**Records provided:**
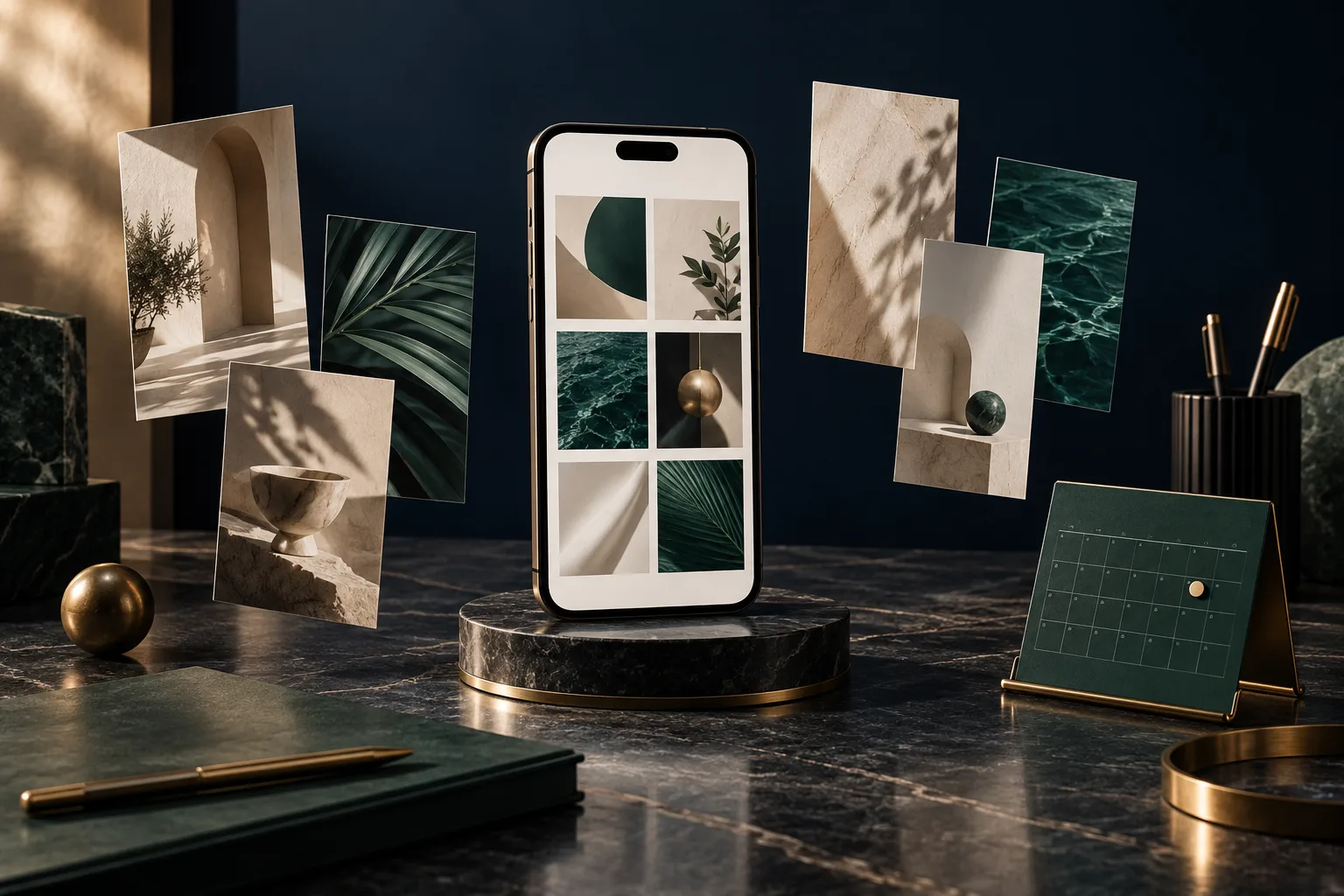 Editorial campaign content and a smartphone illustrating social media planning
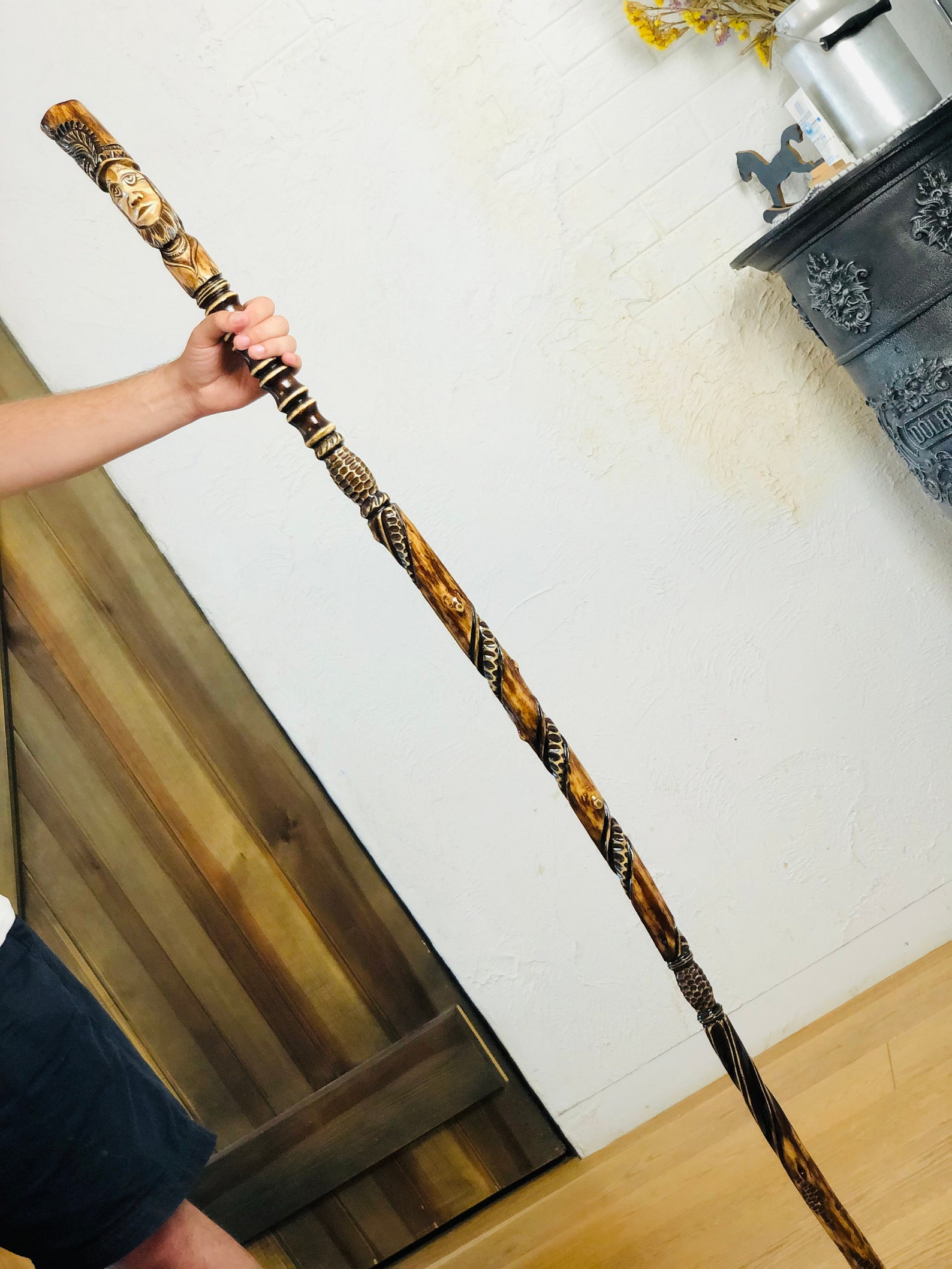 Wooden hiking Stick Wood walking stick Hiking staff Wood Etsy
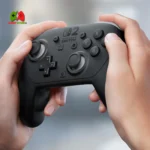 The black wireless controller for the Nintendo Switch 2 Pro has motion controls, an audio jack, and HD Rumble.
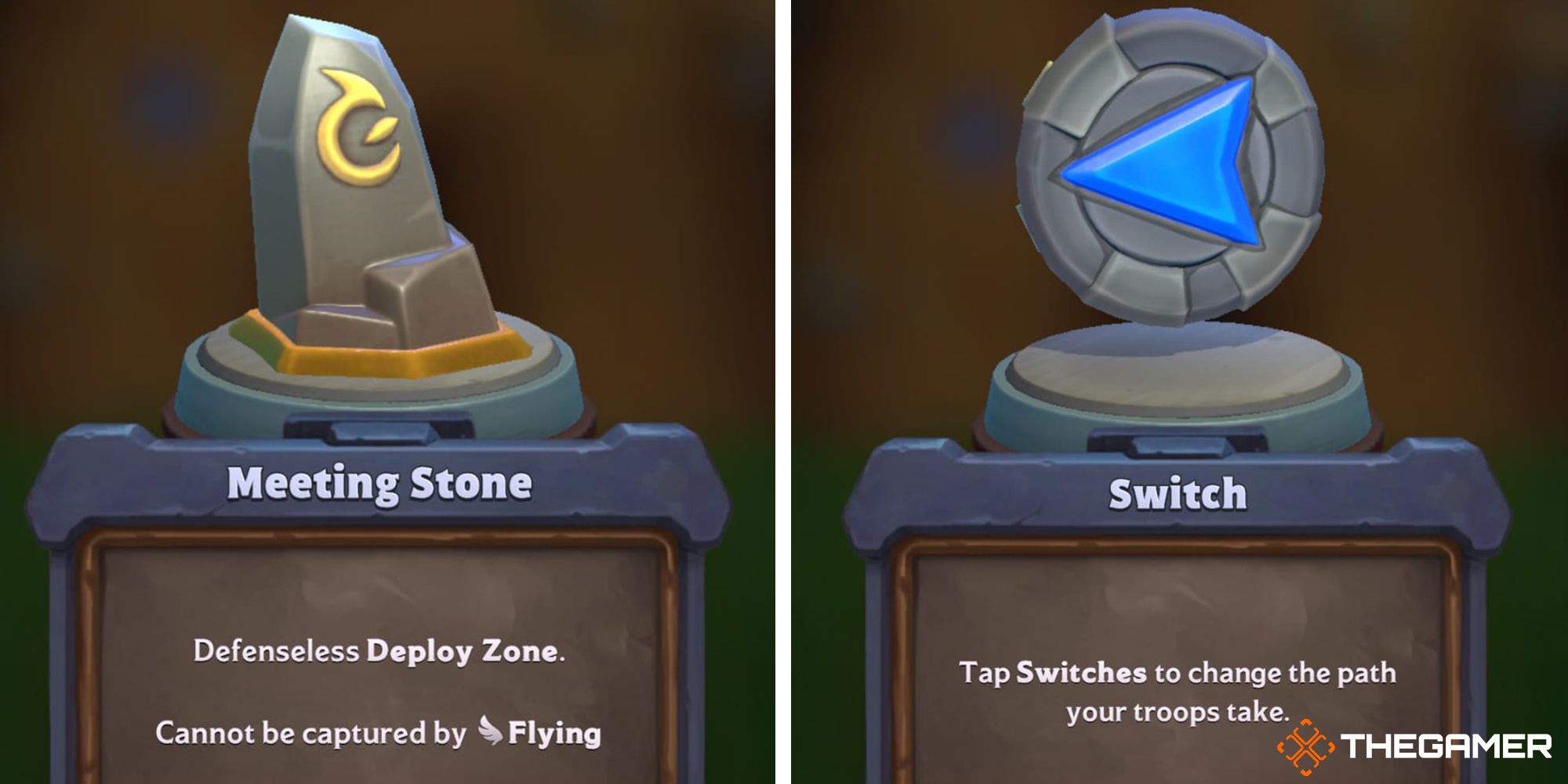 Meeting Stone On The Left and Switch on the Right Side In Warcraft Rumble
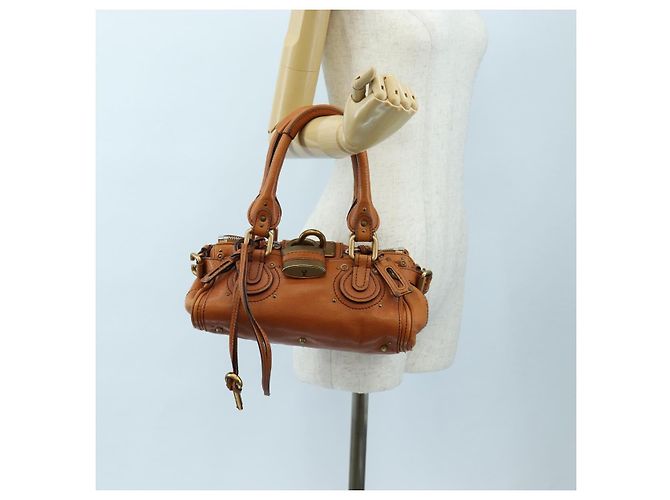 Chloé Bolso Chloe Paddington de piel marrón con detalles en tono dorado Auth ki6714M Castaño - vista 24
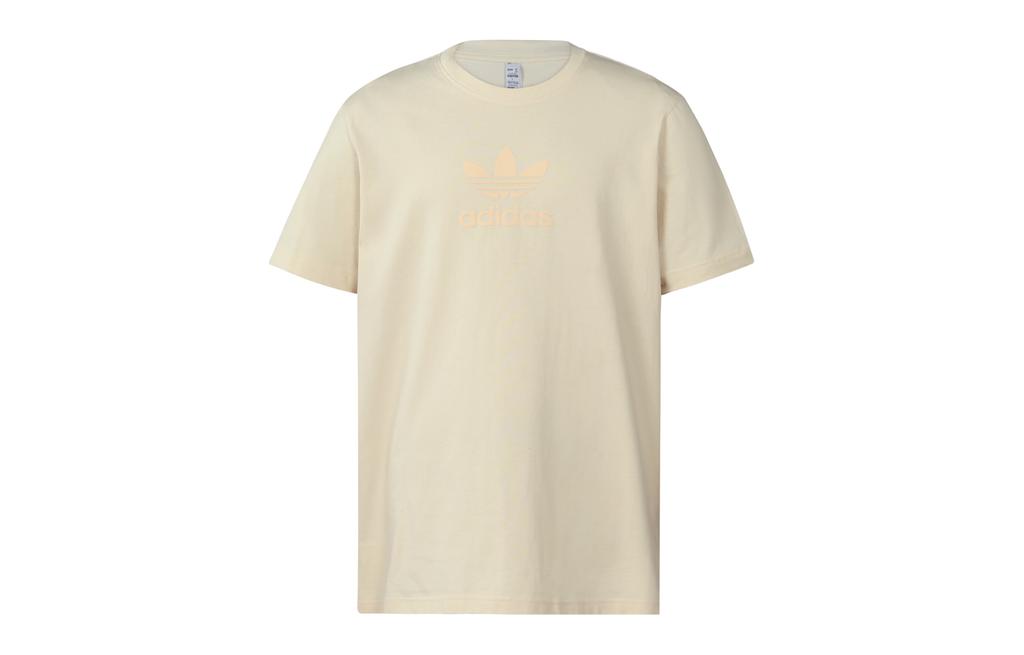 Adidas Originals T Shirts Men's Ecru Crew Neck Moderate Straight Fit HK2786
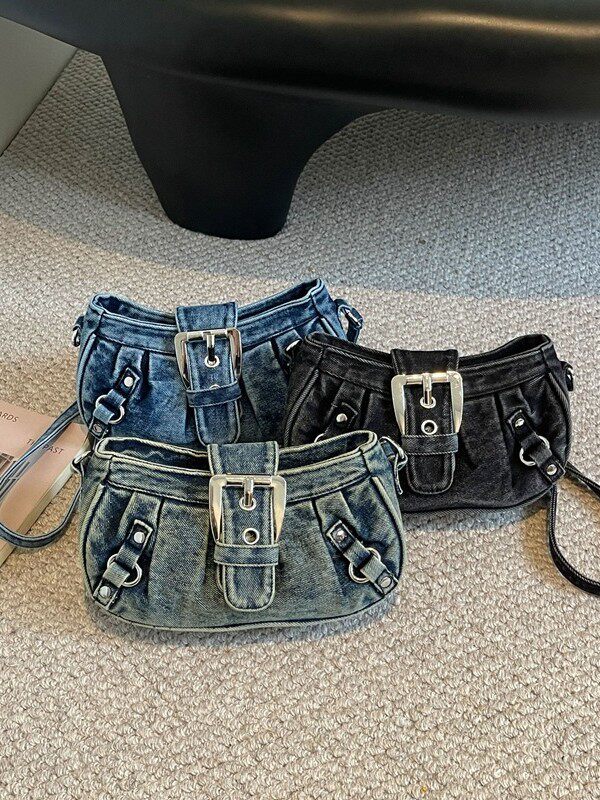 Túi đeo chéo nữ dáng hộp nhỏ kẹp nách vải denim xếp nếp phong cách Hàn Quốc — Cao bồi xanh, Màu xanh cổ điển, đen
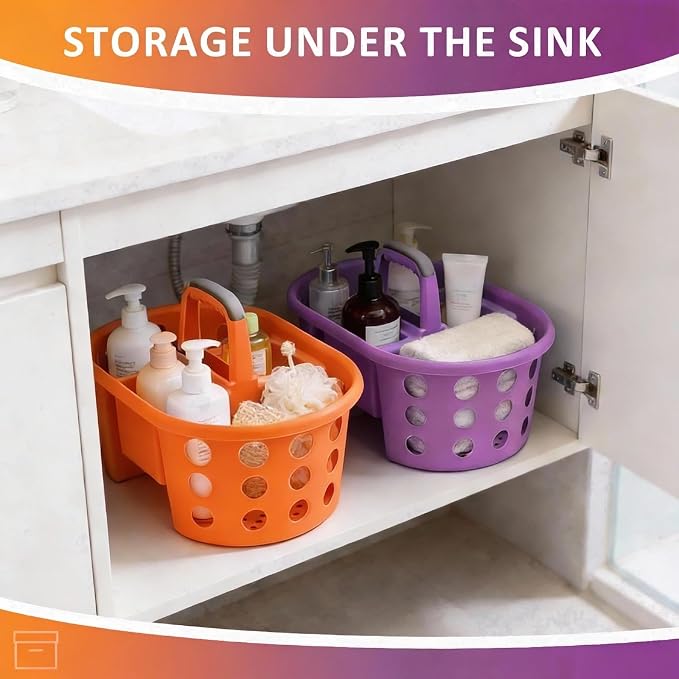 SIMPLYKLEEN Large Shower Caddy Portable 2PC - Made in USA Plastic Jumbo Size Dorm Storage Candy Tote with Handle Shower Organizer for Bathroom, Pantry, Kitchen, College Dorm, Orange/Purple - Image 5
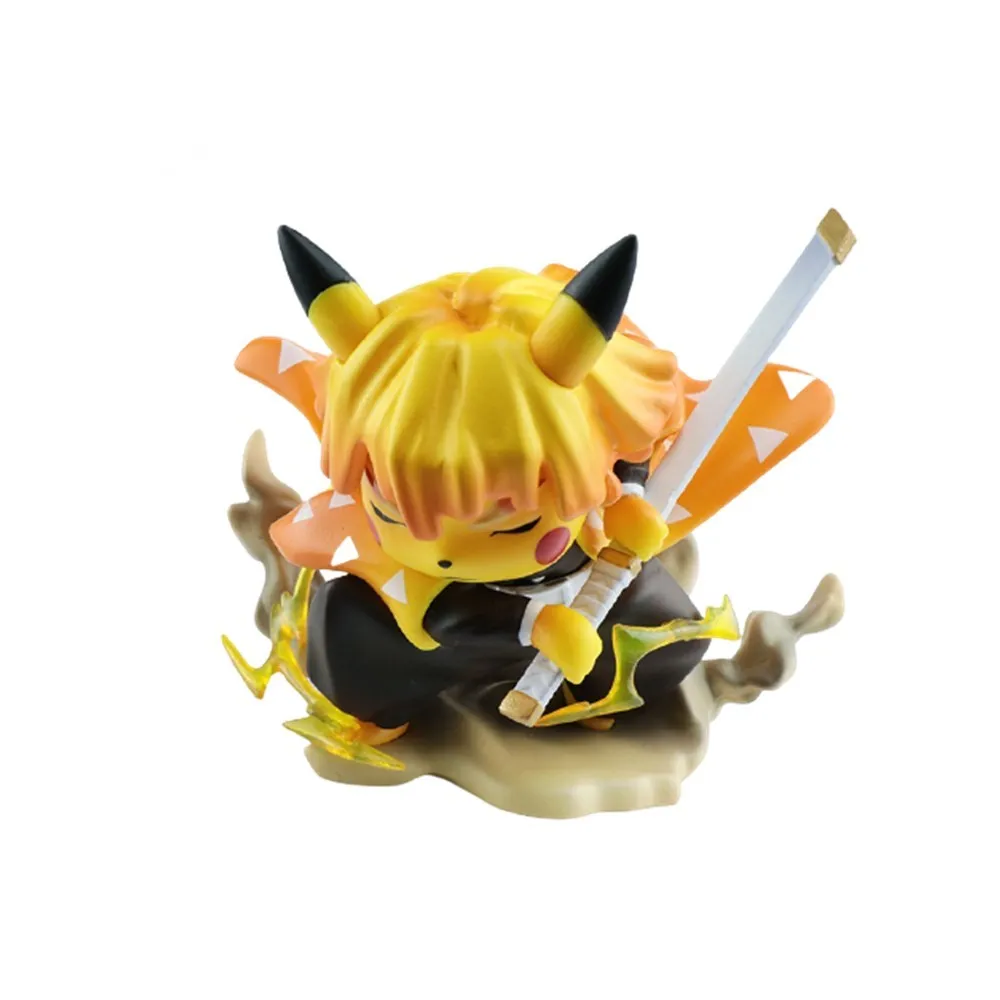 Pokemon Pikachu Zenitsu Anime Figure Demon Slayer Kimetsu no Yaiba PVC Toys Model Action Xmas Gift Kids Cute Doll Cosplay Figma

**What you are asked to do:** Find the line containing "SIMPLYKLEEN Large Shower" in the listing above. Restate it and every line after it, word for word, through the final line, leaving out the pictures.

**Written response:**
 SIMPLYKLEEN Large Shower Caddy Portable 2PC - Made in USA Plastic Jumbo Size Dorm Storage Candy Tote with Handle Shower Organizer for Bathroom, Pantry, Kitchen, College Dorm, Orange/Purple - Image 5
 Pokemon Pikachu Zenitsu Anime Figure Demon Slayer Kimetsu no Yaiba PVC Toys Model Action Xmas Gift Kids Cute Doll Cosplay Figma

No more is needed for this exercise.